3rd Caliph of the Umayyad Caliphate
- Reign: 683 – 684
- Predecessor: Yazid I
- Successor: Marwan I
- Born: c. 664 CE Syria, Umayyad Caliphate
- Died: c. 684 CE (aged 19–20) Damascus, Umayyad Caliphate (present-day Syria)

Names
- Abū Laylā Muʿāwiya ibn Yazīd ibn Muʿāwiya ibn ʾAbī Sufyān
- House: Sufyanid
- Dynasty: Umayyad
- Father: Yazid I
- Mother: Fakhitah bint Abi Hisham
- Religion: Islam

= Mu'awiya II =

Umayyad caliph from 683 to 684

Mu'awiya ibn Yazid ibn Mu'awiya (مُعَاوِيَة بْنِ يَزِيد بْنِ مُعَاوِيَة; c. 664–684), commonly known as Mu'awiya II, was the third Umayyad caliph. The last ruler of the Sufyanid line, he succeeded his father Yazid I in 683 (64 AH) but died after a reign of only a few months.

Mu'awiya II's accession occurred during the Second Fitna, a period of civil war where his authority was largely limited to Damascus and southern Syria. His rival, Abd Allah ibn al-Zubayr, was recognized as caliph in the Hejaz and several other provinces.

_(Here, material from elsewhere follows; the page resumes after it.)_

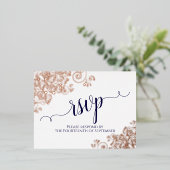 Rose Gold Frills & Navy auf White Wedding RSVP Folie Einladungspostkarte (Stehend vorne)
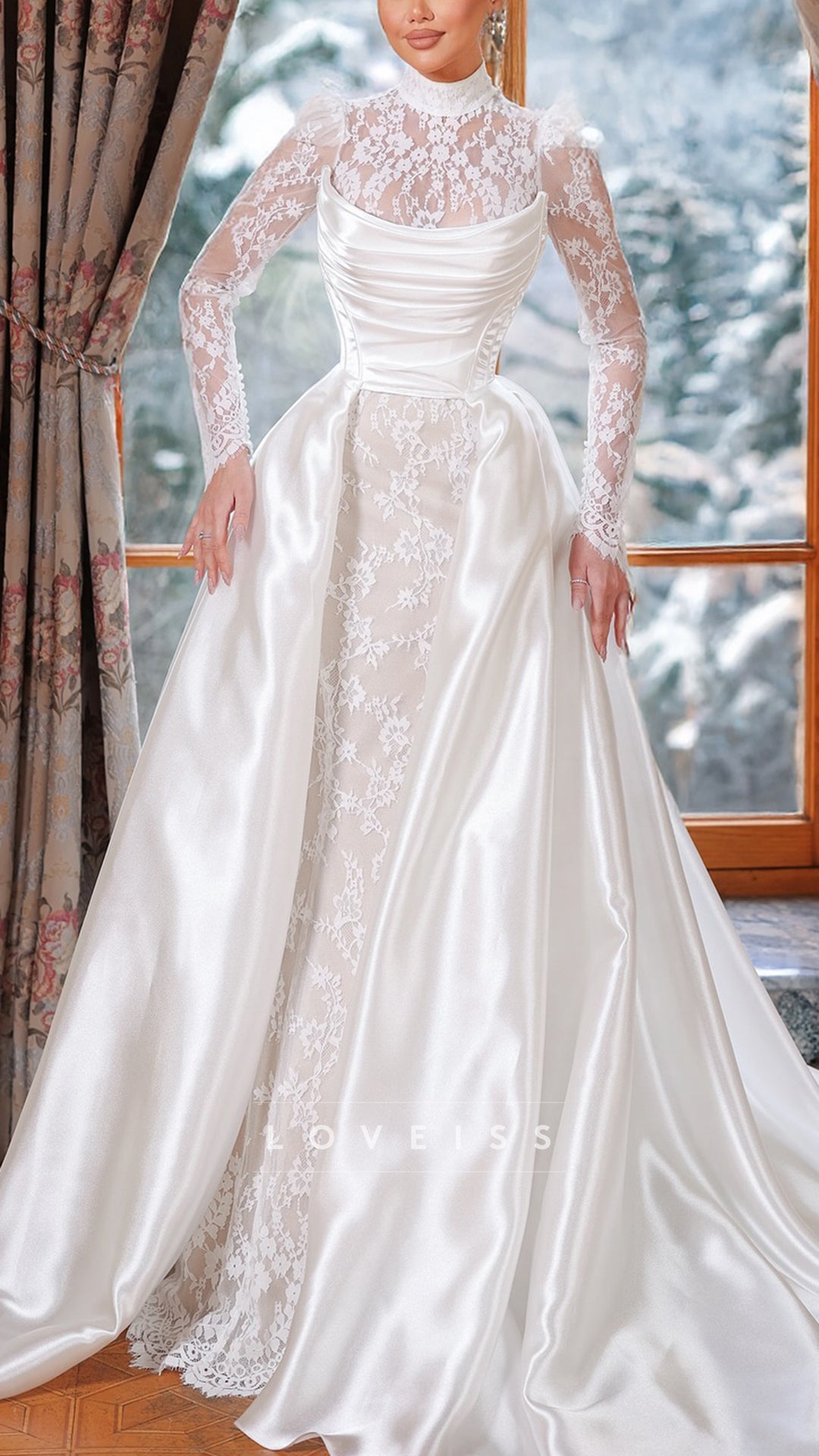 High Neck Sleek Lace Appliques Mermaid Wedding Dress with Train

Mu'awiya II's brief tenure was marked by chronic ill health and minimal administrative activity, though he reportedly continued his father's policy of reducing taxes.

Historical accounts of his reign are often viewed as sectarian or unreliable. He is most famous for a provocative sermon recorded by Al-Ya'qubi, in which he allegedly denounced his predecessors and abdicated the throne. Because he died without heirs, his death triggered a succession crisis that eventually shifted power from the Sufyanid branch to the Marwanid branch under Marwan I. In later Islamic tradition, particularly within Sufism, he is remembered for his piety and perceived spiritual authority.

== Early life ==
Mu'awiya was born in Syria as the son of Yazid I and an unknown mother from the Kalb tribe. She is often confused with Umm Hashim Fakhitah bint Abi Hisham, mother of Mu'awiya's half-brother Khalid ibn Yazid.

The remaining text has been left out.